Similarly, he appears to be moderating his more aggressive policies. He had heralded the “Broken Windows” theory, which holds that, if minor crimes are not addressed, major crimes will follow.
Earlier this year, Bratton brought back Broken Windows author George Kelling as a consultant. Kelling’s tour of the subways led Bratton to promise a crackdown on subway panhandlers and acrobatic dancers. Since then, Bratton has toned down his rhetoric. Now, he says, the dancers could perform in “designated spaces,” although not in subway cars.
Meanwhile, he finds himself in an increasingly ambivalent position as de Blasio supporters continue to criticize the police for past actions.
A group of mothers whose sons were killed by police over the past two decades want the feds and the NYPD’s inspector general to investigate what they say is a pattern of excessive force against young blacks and Latinos.
Bratton, though, has said he’s “comfortable that all of those cases are exhaustively investigated by us, by the appropriate district attorneys’ offices.”
This time around, Bratton seems to be less hands-on than in his previous tenure as commissioner. He recently traveled to Florida, attended the White House Correspondents’ dinner in Washington, and last Friday winged off to Israel with his counter-terrorism chief, John Miller.

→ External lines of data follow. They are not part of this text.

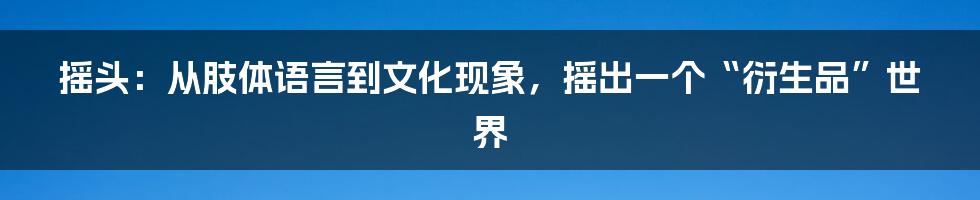 摇头:从肢体语言到文化现象,摇出一个“衍生品”世界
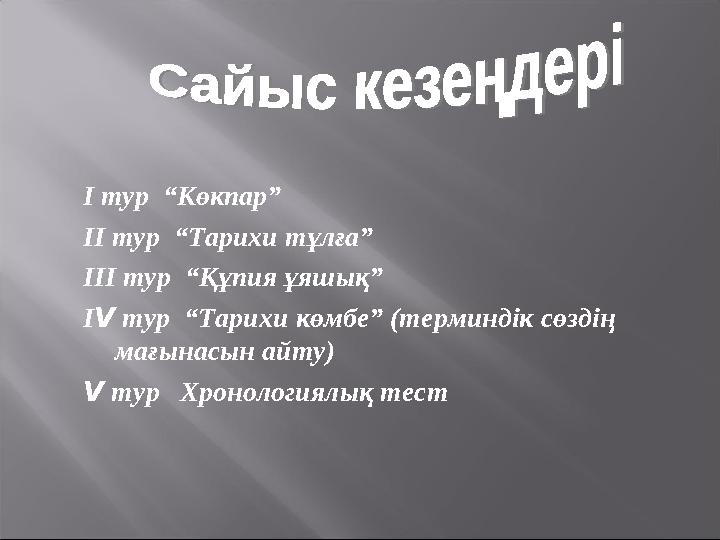 І тур “Көкпар” ІІ тур “Тарихи тұлға” ІІІ тур “Құпия ұяшық” І V тур “Тарихи көмбе” (терминдік сөздің мағынасын айту) V тур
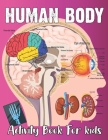 Human Body Activity Book for Kids: A Coloring, Activity & Medical Book For Kids By Honey Press Cover Image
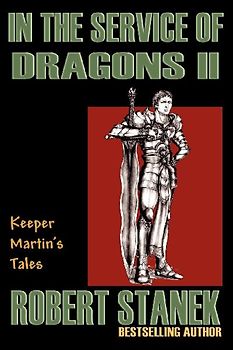 In the Service of Dragons II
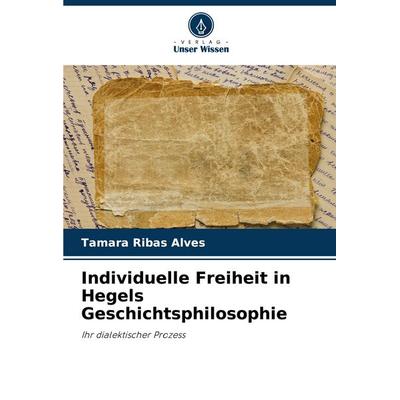 Individuelle Freiheit in Hegels Geschichtsphilosophie, Taschenbuch von Tamara Ribas Alves, Verlag Unser Wissen, 978-620-7-12105-2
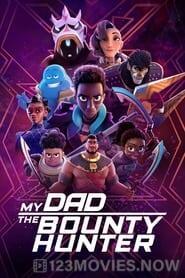 My Dad the Bounty Hunter Season 2 Episode 3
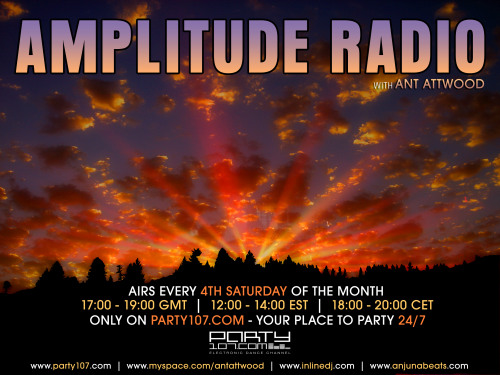 Amplitude Radio Debut with Ant Attwood (12-22-07)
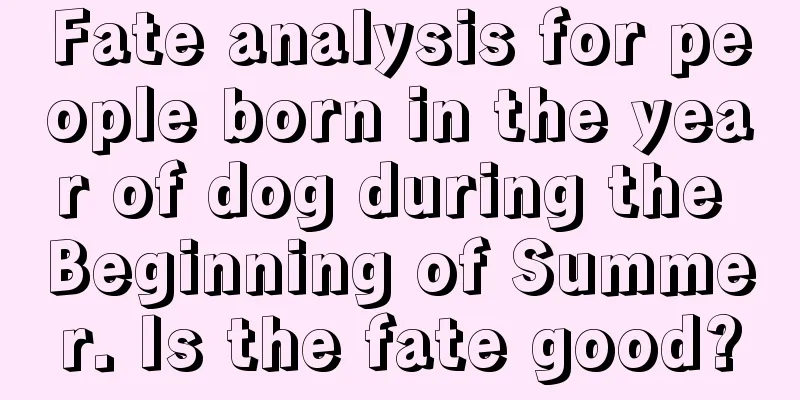 Fate analysis for people born in the year of dog during the Beginning of Summer. Is the fate good?
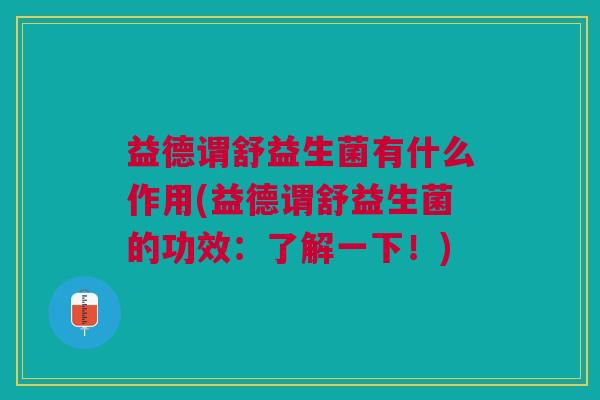 益德谓舒益生菌有什么作用(益德谓舒益生菌的功效:了解一下!)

What was it that Dinkins’ first police commissioner, Lee Brown, was disparagingly called? It was “Out of Town Brown.”
“You have to understand, the guy never broke a sweat. He’s a guy who manages talent, who is a ‘thought’ leader. He surrounds himself with people who share his vision. He leaves it to others to execute,” a former top NYPD official said of Bratton.
“His idea of giving those acrobatic dancers designated places sounds like smart policing. So long as they don’t do their dancing in the subway cars, it makes sense.”
But, the official notes of Bratton: “There doesn’t seem to be the same fire. He’s no longer inventing something that’s never been done before. Time has proven that his methods work. There may not be the same drive to succeed. Now he’s at the legacy stage.
SEEMS LIKE OLD TIMES. Who was that sitting in on two recent Compstat meetings at Police Plaza? It was none other than the former chief of Department, Louis Anemone, known to readers of this column as the Dark Prince.
With the late, great Jack Maple, Anemone is regarded as the architect of Compstat, which under Bratton became shorthand for department accountability, which, in turn, contributed to the city’s dramatic crime rate decline.
Those early days of Compstat, run by Anemone and Maple, were wild affairs. Maple’s and Anemone’s grilling of hapless commanders became so raw that fistfights erupted.
At one meeting, someone threw a chair. After Anemone insulted an assistant district attorney from Brooklyn, his boss, then-District Attorney Joe Hynes, wrote a formal letter of complaint to Bratton.
At another meeting, Anemone and Maple accused then-chief of detectives Charlie Reuther of “treason” and “heresy.” At yet another, the then-newly appointed Brooklyn Borough South Commander, Tosano Simonetti, began explaining how he had begun reducing crime. On a screen behind him, Anemone flashed a computerized drawing of Pinocchio with his nose growing.
Louie got his comeuppance for that. Bratton’s successor, Howard Safir, promoted Simonetti to first deputy commissioner, jumping him over Anemone.
That was the beginning of Anemone's end.